Additionally, the paper presents a thorough evaluation of SketchAgent’s capabilities across text-conditioned sketch generation using concepts beyond predefined datasets, such as scientific diagrams and notable landmarks. Notably, SketchAgent outperforms several baseline models in CLIP-based recognition accuracy, approaching human-level performance, which demonstrates its effectiveness in generating contextually accurate sketches.

One of the novel aspects of SketchAgent is its ability to facilitate collaborative sketching with human participants. The paper provides evidence that sketches collaboratively produced by SketchAgent and human users yield high recognition accuracy, leveraging the strength of both the agent’s prior knowledge and the user’s creative intent. This demonstrates a potent combination of human-machine interaction that could have practical implications in creative industries, education, and design, where iterative and collaborative sketching is valued.

Furthermore, the chat-based sketch editing feature demonstrates SketchAgent’s capability to perform fine adjustments and additions to sketches in response to textual instructions. This allows for an iterative process of refinement that aligns closely with how human artists might revise their work.

However, the paper acknowledges limitations, such as challenges in rendering detailed human figures and overfitting to ICL prompts.
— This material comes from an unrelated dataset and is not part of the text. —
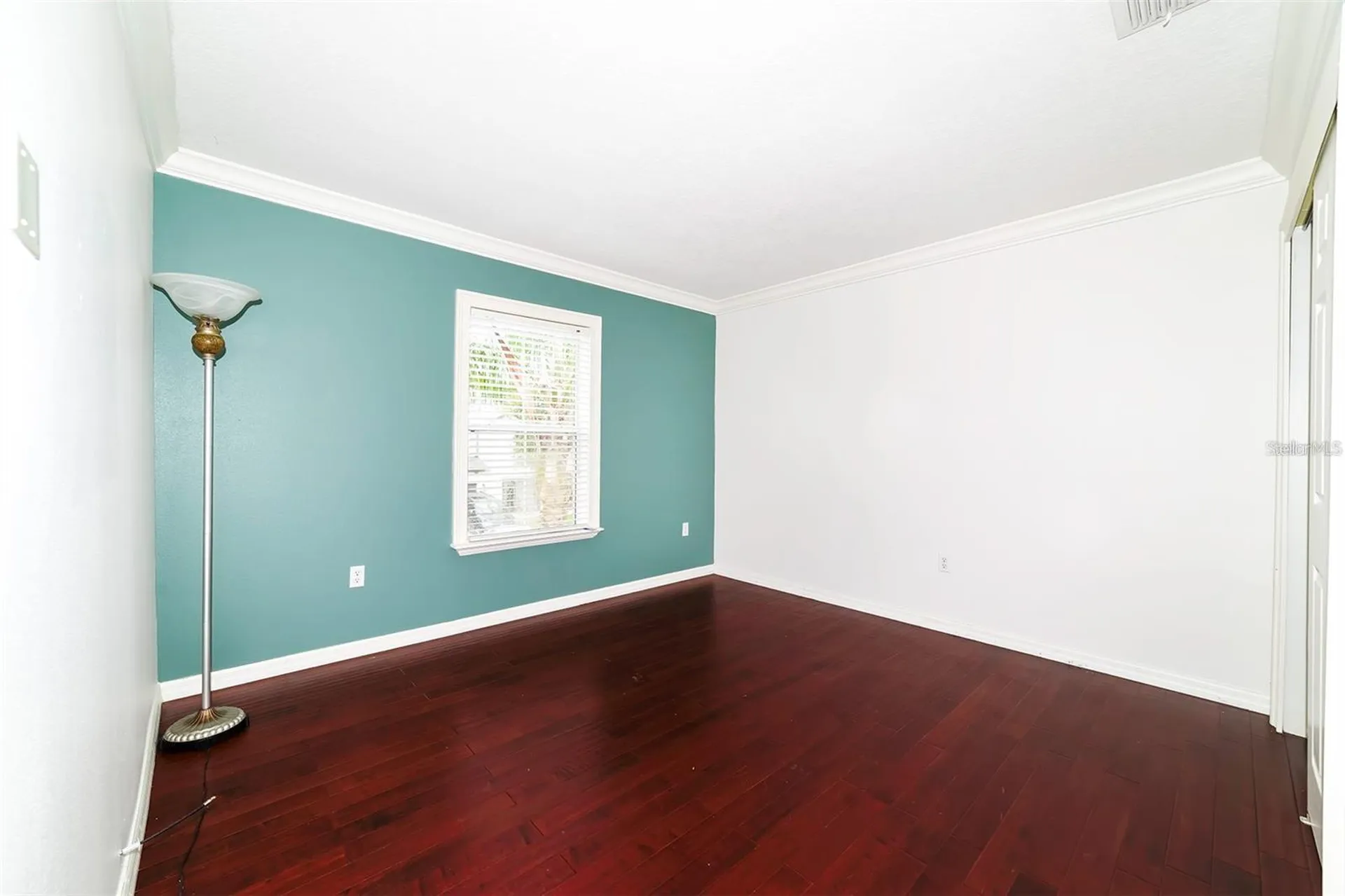 10124 Malpas Point Orlando FL 32832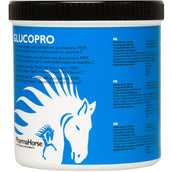 PharmaHorse Glucopro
These limitations offer valuable insights into potential avenues for future work, including enhancing the visual reasoning capabilities of LLMs and refining the pipeline to support a wider range of complex visual tasks.

In conclusion, SketchAgent exemplifies a significant step forward in leveraging multimodal LLMs for sketch generation. By embracing the dynamic nature of human sketching, it opens new avenues for AI applications in creative domains and sets a foundation for future advancements in AI-driven visual communication and interaction. The research thus holds potential to inspire further developments in user-centered AI tools that support creative expression and collaboration across diverse fields.